Monday afternoon, I left the office to go to the Iron Ore Recovery Plant, which was about two miles away.  Corporal Lloyd Walford of the Copper Cliff Police was to deliver the box of cheques to me at the plant gate.  I proceeded across the highway and down Power Street, a small paved road which went past the Copper Refinery to the IORP (this portion of the road no longer exists).  As I crested a hill, I unexpectedly found a stretch of gravel where they were building a road to our new Nickel Refinery.   With all of 300 miles total bike experience, I grabbed the brakes to slow down.   The front wheel locked and the bike went down.

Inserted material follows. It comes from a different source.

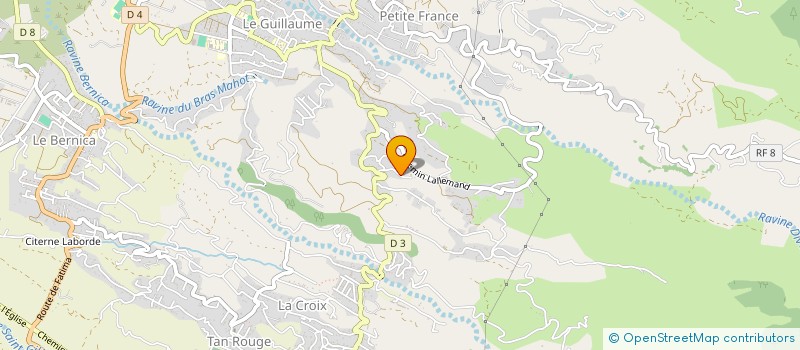 localisation de l'entreprise LES MARAICHERS DU GUILLAUME à SAINT-PAUL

I picked up the bike and found that twisted handlebars were the only damage.   Climbing on, I rode to the plant gate and picked up the box of cheques from Lloyd.   This is where they noticed the blood running down my hand.  It seems something sharp had punctured my jacket and my arm.  I was patched up in the first aid room, went briefly into shock, and then proceeded to complete my assigned task.  This episode made me Inco's first "on the job" motorcycle accident.

The next morning the Paymaster, Bob McInnes, greeted me as I came into the office with "Here comes Skid".  It probably would have ended here as a brief joke except for the Monday evening, two weeks later.

It was a quiet Monday evening at Lolas Restaurant in Copper Cliff, where I was hanging with some of the local teenagers.  A beautiful young lady named Linda wanted to know if I would take her for a ride.  We left Lolas and turned right on Serpentine Street, at which point we started up a hill.  Just to set the stage, at the top of the hill the road curved to the left.  On the right, halfway through the curve, was the entrance to one of the Inco employee parking lots.  Because there were so many employees at this time and the lot was full, people were forced to park along Serpentine.   As I leaned into the corner, the bike kicked back and my peripheral vision caught the sight of sparks from the left rear.  In my excitement to do the gorgeous Linda's bidding, I had forgotten to put the side stand up (no interlocks or ignition cutout devices like today).  As the bike went straight, I found myself looking at the chromed, jacked up rear end of a Plymouth Roadrunner.  Then I hit it.

The next morning the Paymaster, Bob McInnes, again greeted me as I came into the office, this time on crutches, with "Here comes Skid".   This time, they had six weeks as I hobbled around to get used to the name, and it has stuck with me for all these years.